I've got an electronic dimmable ballast with 0-10V control, the light rating is from 1% to 100%.
Measuring the voltage on ballast's control PINS gives 10V, so the ballast itself is producing current, the light output is at full power.
I've got a circuit using a LM324N OpAmp:
Receives on PIN 3 and 2 the +5V PWM signal from arduino
Receives on PIN 4 and 11 the +12V
Outputs on PIN 1 0V to +12V
Then the signal from the OpAmp passes trough a v-reg that brings it down to +10V.
Ardunio PWM PIN is at value 0, measuring the v-reg output PIN will give me 0V.
When I connect the ballast's control PIN+ to the v-reg output and PIN- to common circuit ground, the ballast will automatically dim the light to a certain value, but for sure it's more than 1% because the light is still intense.
If I measure the v-reg output PIN I read something like +1.5V, but I still have the arduino PWM value at 0.
I assume that the ballast is injecting 1.5V back into the circuit and that's the reason I cannot full dim down.
If I start increasing the PWM value then the ballast dims up to the full power.
I've got two questions for those HW gurus out there.
(The most important question) Is this the correct way to dim an electronic ballast using the 0-10V control ?
How do I bring that +1.5V to 0 when the ballast is connected ?
(The most important question) Is this the correct way to dim an electronic ballast using the 0-10V control ?
No
How do I bring that +1.5V to 0 when the ballast is connected ?
Have a lower impedance driving the input pins.
It looks like the input pins need to sink current.
Could you post a schematic of the op amp and voltage regulator as from the description it sounds very wrong.
The voltage regulator on the end is just wrong. This takes a variable input and produces a fixed output. This is exactly what you don't want. What is more when you provide less than the required regulation voltage it no longer acts as a voltage regulator.
Basically ditch the voltage regulator and feed the output of the op amp directly into the base of a transistor.

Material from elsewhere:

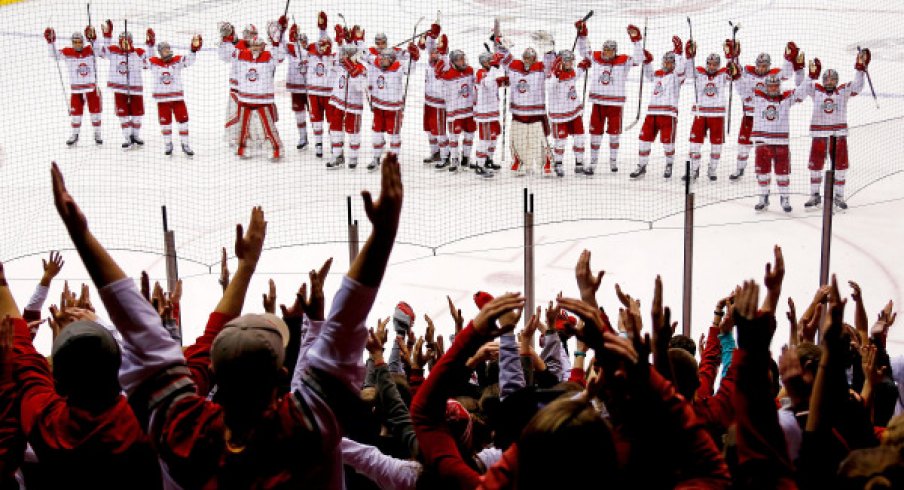 Ohio State men's hockey celebrates a win with the Buckeye students.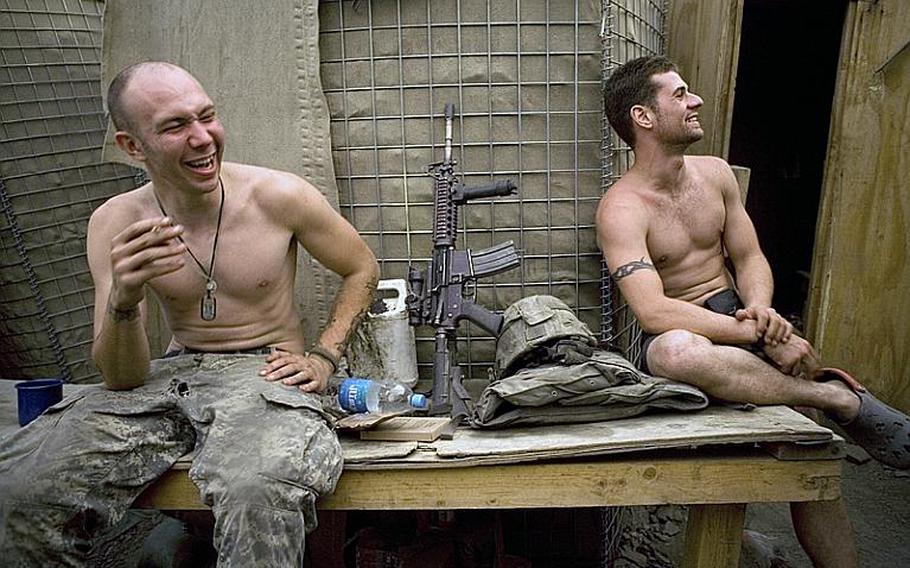 Specialist Misha Pemble-Belkin, left, and Ross Murphy of Battle Company, 173rd U.S. Airborne Brigade share a laugh at Outpost Restrepo in Korengal Valley, Afghanistan in 2008.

The collector to 12V and the emitter to a 470R resistor to ground. Also connect the resistor to the input pin of your controller.
Maybe I'm thinking this wrong.. but the v-reg in this case is acting as a protection to the ballast, it will not allow more than 10V to pass, since the opamp is feeded by 12V, but will allow less than 10V to pass.
What would be the role of the transistor on the scenario you've described ?
We're talking about a Helvar EL239sc with two pins for the 0-10V control.
I was able to get the following info from Helvar:
The computer must have an analog output 0 - 10 VDC. Buffer should be a "sink"-type buffer. The current should be taken from
the HFC-ballast. The HFC-ballast is a current source.
Active light control range is 1 - 10 VDC. These are the limits when the light level is changing.
Maybe I'm thinking this wrong.. but the v-reg in this case is acting as a protection to the ballast,
Yes your thinking is wrong.
Buffer should be a "sink"-type buffer. The current should be taken from
the HFC-ballast. The HFC-ballast is a current source.
That says it all, you don't need to supply a voltage to this controller at all you need to sink current from it. Sinking current is draining it to ground.
What would be the role of the transistor on the scenario you've described ?
To act as a low impedance sink. An op amp can only sink a small amount of current, the transistor would act as a buffer to allow the controller to sink current.
(a buffer is something that cushions two signals. In this case it allows you to turn a high impedance output into a low impedance one.)
The transistor would allow current to flow out of the controller pin until the voltage across the emitter resistor was equal (plus 0.7V) to the voltage on the base, thus it would allow control of the current sink. For a proper design we would have to know what amount of current the controller sinks. That way we could get the emitter resistor the exact right value.
@BillHo: the dimmable circuit was taken from that post. But the user never told if it really worked nor told about the voltage injection from the ballast.
For a proper design we would have to know what amount of current the controller sinks. That way we could get the emitter resistor the exact right value.
I can do a real world measurement later today, but I think I've read somewhere that the control current is at max 2mA.
@Grumpy_Mike: So basically will reduce the ripple effect ?
Thanks for the patience and also for the contribution, but I'm a newb at electronics.
Did I make it this time ?
I'm now wondering the working principle, after reading the Wikipedia article about transistors does the following sentence descrives it ?
"In a grounded-emitter transistor circuit, (...), as the base voltage rises the base and collector current rise exponentially, and the collector voltage drops because of the collector load resistor."
From my understanding, when the opamp signal starts rising on the base, the ballast control voltage (+10V when base=0V) connected to the collector will start to drop.